A volte siamo dentro al carcere nel nostro stanzino e io chiedo ai miei attori: a quest’ora, alle cinque e mezza del pomeriggio, quante sono le persone che a Volterra stanno affrontando questo tipo di discorsi, si stanno affaticando per cercare delle soluzioni a questo tema, che sembra qualcosa di inutile? Forse nessuna, siamo solo noi. Forse c’è qualcun altro. E in Toscana? E in Italia? E così via allargando la scala. 

Io sono convinto che, se tanti facessero questa fatica, il mondo sarebbe migliore. E non mi sento stupido a dirlo, non mi sento ingenuo. Ne sono convinto. Mi rendo conto che è molto complesso, ci mancano i fondamenti. Dovremmo partire dalla scuola, o da prima ancora, dalla famiglia. Ma ci vorrebbe qualcosa che aiuti la famiglia se la famiglia è carente. Dovremmo crescere in maniera completamente diversa e non credo che stiamo andando in questa direzione. Se prima la scuola era una questione di cultura, ultimamente quasi per niente. L’idea del lavoro sta fagocitando ciò che è rimasto della scuola come opportunità di conoscenza.

I.D. Sembri leggere gli ultimi cinquant’anni sotto il segno della decadenza.

A.P. Questo è il mio difetto.
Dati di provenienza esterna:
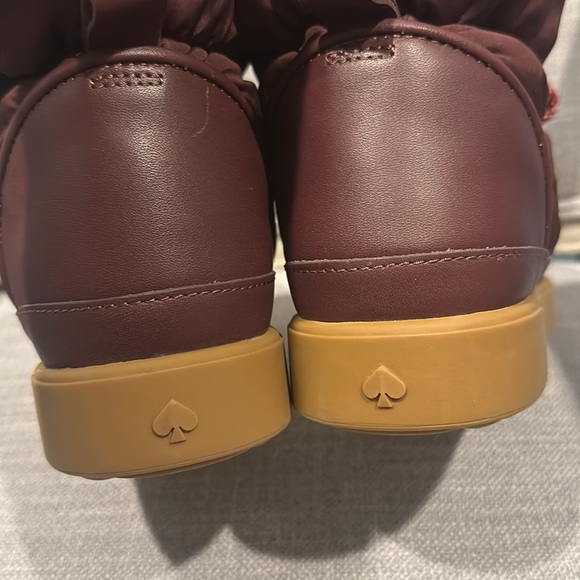 NEW-Kate Spade ♠️ Cocoon Snow Boots. Size 8.5B - Picture 14 of 16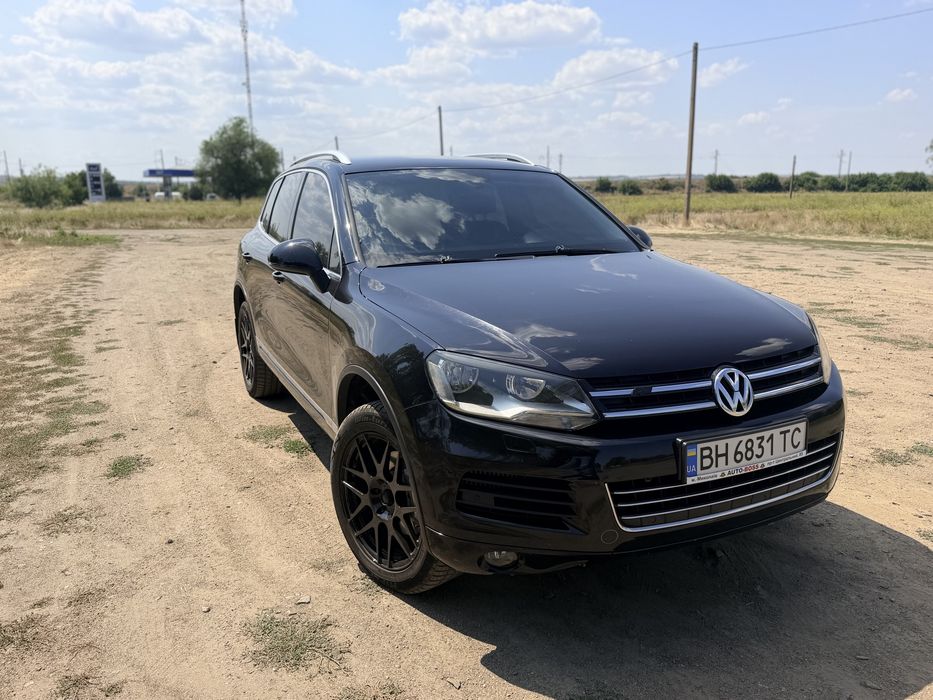 Volkswagen Touareg, 2011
Io sono nato negli Anni Settanta, e forse mi sbaglio. Nato dal punto di vista filosofico, si intende. In quel clima culturale. Mi spiego: io non penso che prima gli uomini fossero migliori. Però nei Settanta non mi sentivo da solo. Oggi sono più solitario e le altre persone che cercano una strada e una possibilità sono anch’esse sole. Non c’è più un clima generale. Mi sembra di vedere persone molto disperate, a partire dai giovani.

I.D. Durante il tuo spettacolo Mercuzio non vuole morire hai chiesto agli spettatori di riporre in una valigia «una lacrima versata per qualcosa che davvero non ami». Lo trovo bellissimo e non ho idea di cosa voglia dire. 
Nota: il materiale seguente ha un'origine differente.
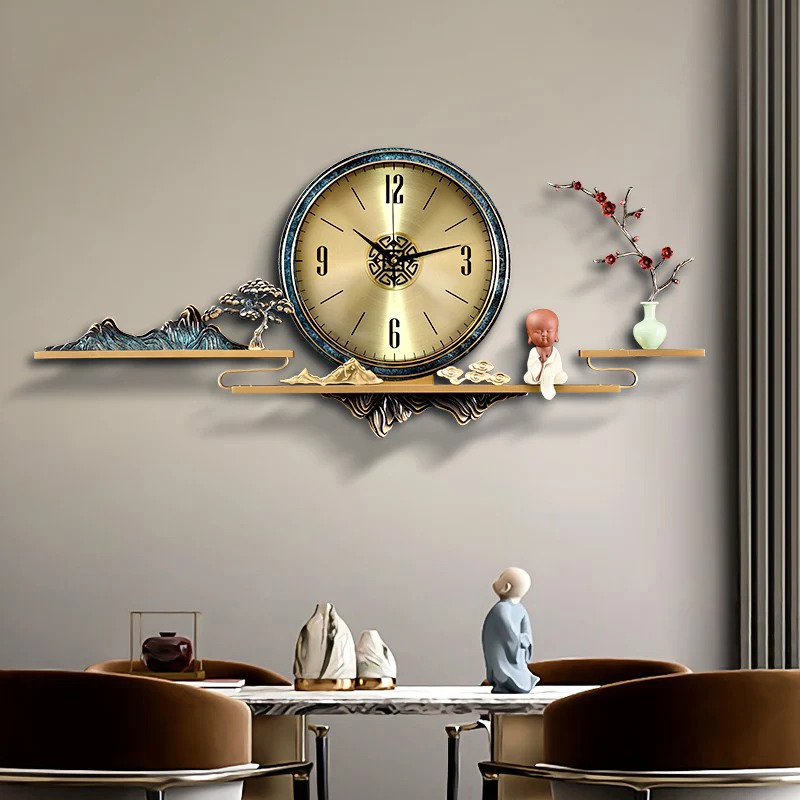 Chinese Style Luxury Wall Watc - огляд і ціна Luxury Lifestyle Living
A.P. Quello spettacolo nacque dalla necessità di riscattare Mercuzio dal suo destino di morte. In Romeo e Giulietta Mercuzio è l’amico poeta di Romeo, il sognatore che parla della vana fantasia e muore quasi subito. Nella mia lettura, la morte di Mercuzio è la scaturigine di tutta la tragedia che segue, come se morto lui non ci fosse più niente da fare. Metaforicamente, se uccidi la tua parte sognante non rimane che sfacelo. La lacrima versata per qualcosa che davvero non ami non è propriamente un rammarico, è la lacrima per una mancanza, è la lacrima che versiamo quanto il mondo ci appare come un’aggressione e siamo chiamati a difendere le cose preziose di cui abbiamo parlato finora: questa ricerca, questa idea, questa pratica. È necessario versare una lacrima anche per le idee che non amiamo. Riguarda ciò che dicevamo rispetto alle persone e alle idee ostili al bello, chi non arriva a vedere oltre sé e ciò che gli è noto da sempre. È una lacrima versata per chi crede che non ci sia niente da fare: dentro il carcere, fuori dal carcere, si può sempre fare qualcosa.